Although Northern California was suffering heavy flooding with severe losses of property and crops, Southern Oregon residents still had no worries and were delighted with “plenty of rain and mud.” True, a few grapes had been knocked off the vine and the southbound train was occasionally delayed for an hour or two; yet, happy days seemed to be back again.
By the end of November, the local editor was happier and even more enthusiastic. “The rains have put the fairgrounds racetrack in fine shape,” he said, “and the beautiful rain continues to descend.”

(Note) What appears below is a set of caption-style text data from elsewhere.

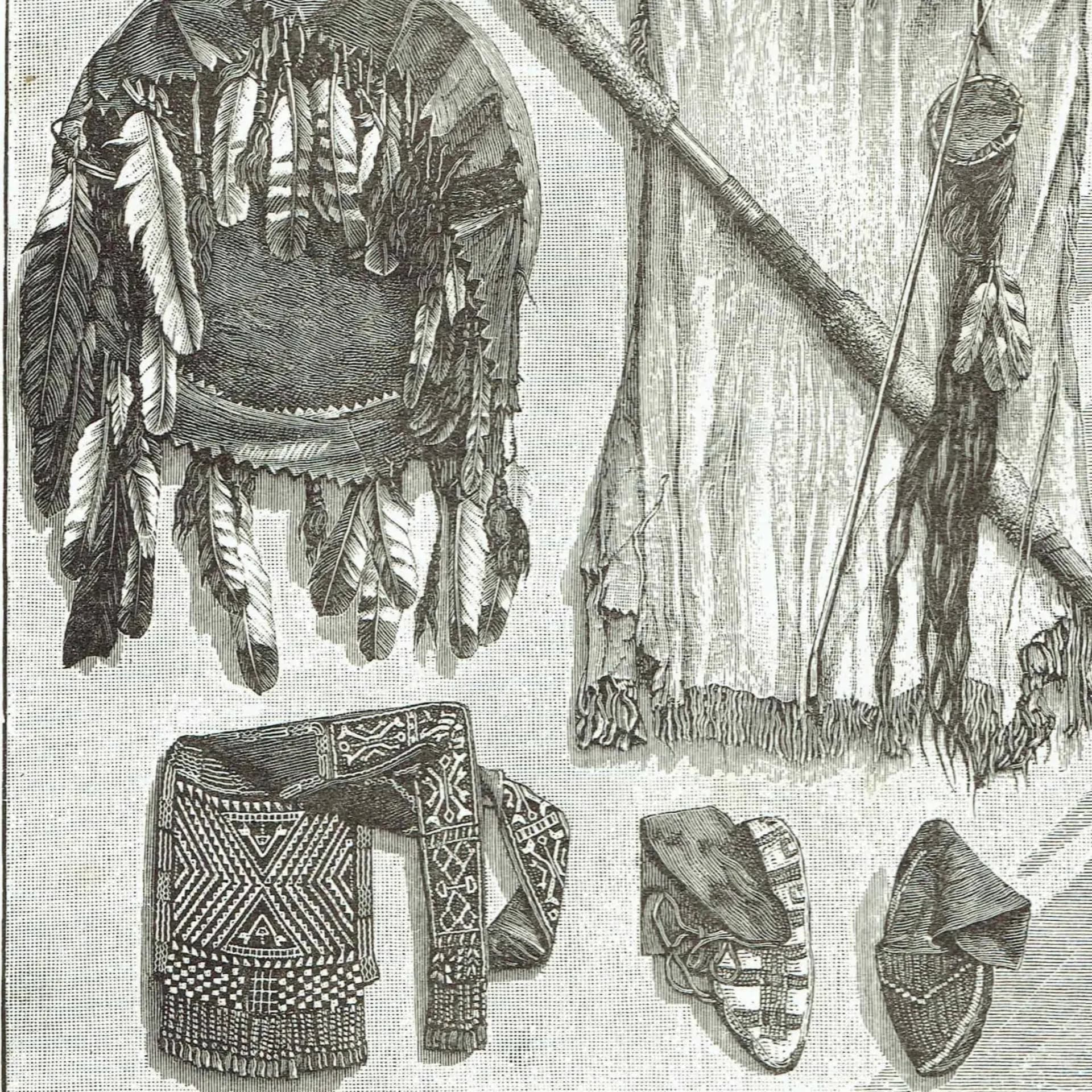 1885 Indian Dresses Weapons Ornaments - Canada - Original Antique Print - drawn by Marquis of Lorne - Engraved Whymper - 7.25 x 10.75 in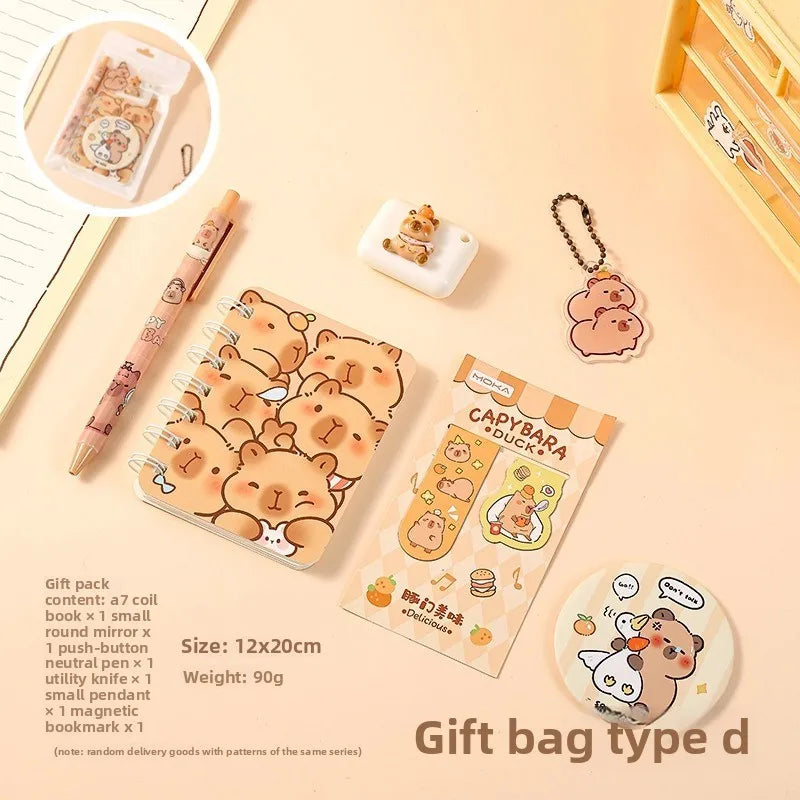 1 Set Wholesale Capybara Stationery Set Primary School Season Gift Learning Stationery Gift Pack Reward Class Prizes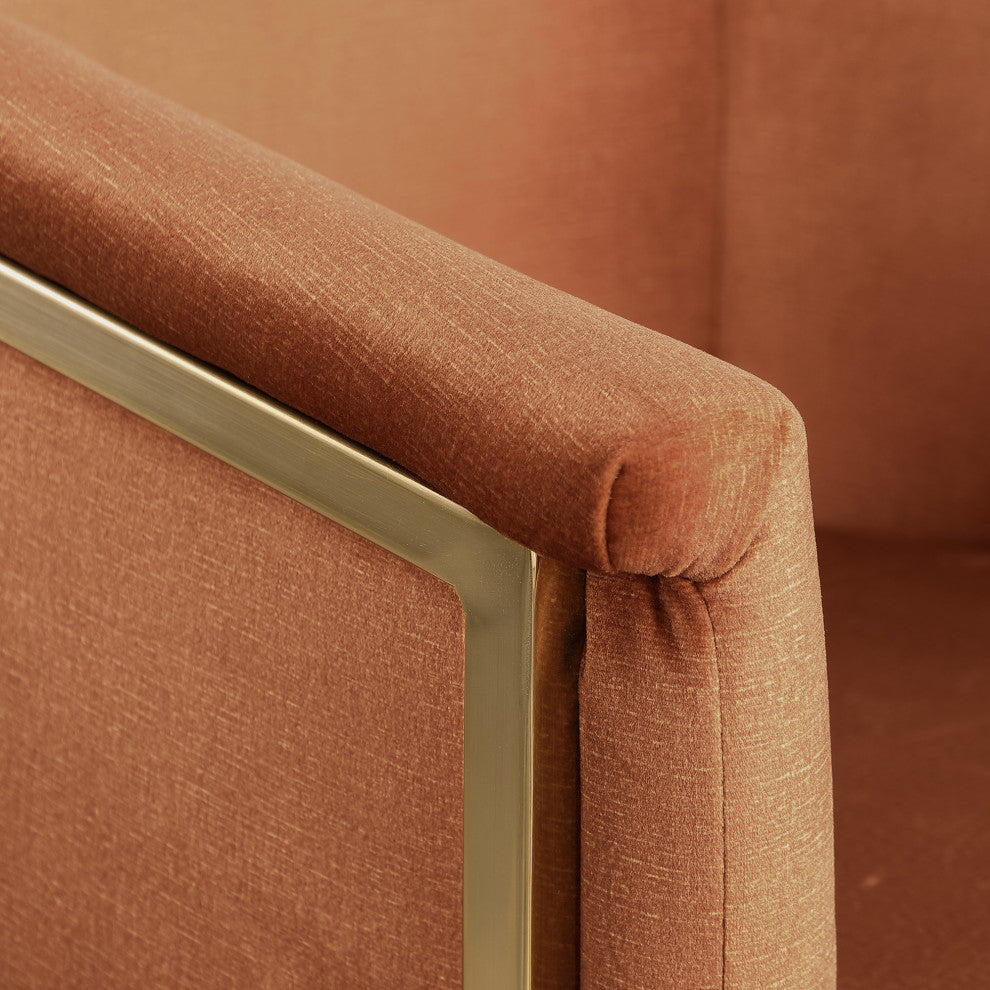 Tierra Velvet Upholstered Dining Chair, Cognac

“While California,” he said, “has well-nigh floated off in the deluge that has been descending on her head, why is she still calling us ‘Webfeet?’ Here, we have only had a little more than nine inches since October 1st. … Come to Southern Oregon, the Italy of the coast!”
Even when snow began falling in mid December, optimism still reigned. Over 30 inches of snow had fallen at Prospect, and yet, little remained of the 8 inches that had fallen in the lower valley.
When miners reported about three feet of snow in the mountains, it should have been a warning — but so what? That just meant “plenty of water in the future.”
The New Year of 1890 arrived a day before the fluffy flakes began to accumulate. First a mere 2½ inches, followed by another 1½ inches Jan. 3. Beginning Jan. 12, Peter Britt, the government’s official meteorologist, reported nearly two feet of snow on the ground with the temperature falling as low as 11 degrees.
“The beautiful snow lingers,” the editor said.
For the first time in 10 years there was enough snow on the ground to go sleighing, and every small hill in the valley seemed to be erupting in swarms of sledding children.
Then the flakes began to fall at the rate of an inch per hour for 18 hours straight, its weight soon crashed through roofs and toppled barns. Telegraph repairmen reported mountain snow so deep they were able to reach the tops of poles without even climbing. Trains stopped running and 200 southbound travelers were stranded in Ashland.
Our once confident editor began singing a brand new tune. “A flood of considerable dimensions next spring now seems inevitable,” he said. “Even our ordinary rains will insure high water. It is evident that we will have no ordinary season this year.”
By the end of January, when nearly 40 inches of snow had covered most of the valley floor, 50 miles of railroad tracks, and blocked the Siskiyou summit road with 15-foot high snowdrifts, the temperature suddenly warmed, rain began to fall, and the flooding — “The Great Disaster” — began.